O filho do ex-presidente João Goulart, João Vicente, escreve sobre o “medo do Pelé” e a sua falta de consciência política na ditadura militar. O relato está no livro “Jango e eu: memórias de um exílio sem volta” de 2016.
Jango e Pelé
Certa vez a seleção brasileira estava em Montevidéu, hospedada no Hotel Plaza na Plaza Independencia, para um amistoso contra a seleção uruguaia, e os jogadores, então, decidiram ir ao nosso apartamento na Leyenda Patria para levar um abraço do Brasil ao meu pai.
Lembro que foi uma festa para os meus amigos, todos queriam ir lá. O capitão Wilson Piazza disse a meu pai: – Presidente, como vai? Os jogadores queriam vir aqui lhe trazer um abraço. Viemos almoçar no Cangaceiro e resolvemos todos vir até aqui convidá-lo para assistir ao jogo de quarta à noite.
– Eu te agradeço muito, Piazza. Isso para quem está longe de seu país é um gesto inesquecível – disse Jango, sorrindo e com um olhar muito doce.
Piazza, que era uma pessoa bem esclarecida, foi logo se desculpando. Jango não sabia do que se tratava e perguntou: – Mas o que houve, Piazza? Estou muito contente com a presença de vocês.
– Pois é, presidente, mas peço desculpas pela ausência de nosso Pelé. Ele disse que estava indisposto. Ele é muito medroso nessas questões e tem receio de ser mal interpretado pelos militares brasileiros.

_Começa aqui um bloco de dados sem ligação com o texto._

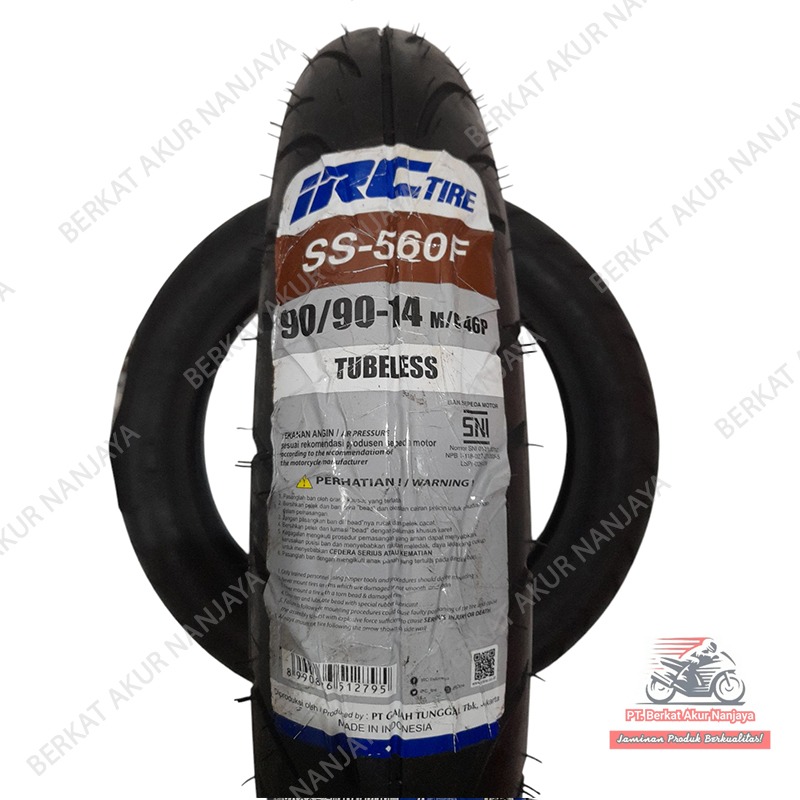 Ban IRC SS560 F 90 90 14 TUBELESS motor matic LEXI,PCX,BEAT,MIO, VARIO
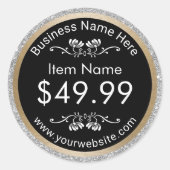 Preis | Moderner Silberner Glitzer Goldgrenze Runder Aufkleber (Vorderseite)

– Não te preocupes, capitão. Só a presença de todos vocês aqui já me deixa muito orgulhoso, e tua coragem mais ainda.
Meu pai entendeu o medo do Pelé, mas eu, não. Só vim a entender depois, porque, na época, mesmo sendo ele um grande ídolo do futebol brasileiro, disse não se importar que o Brasil não tivesse eleições para presidente, governadores, senadores etc., porque o povo brasileiro não sabia votar mesmo. E essa era a mesma justificativa usada pela ditadura.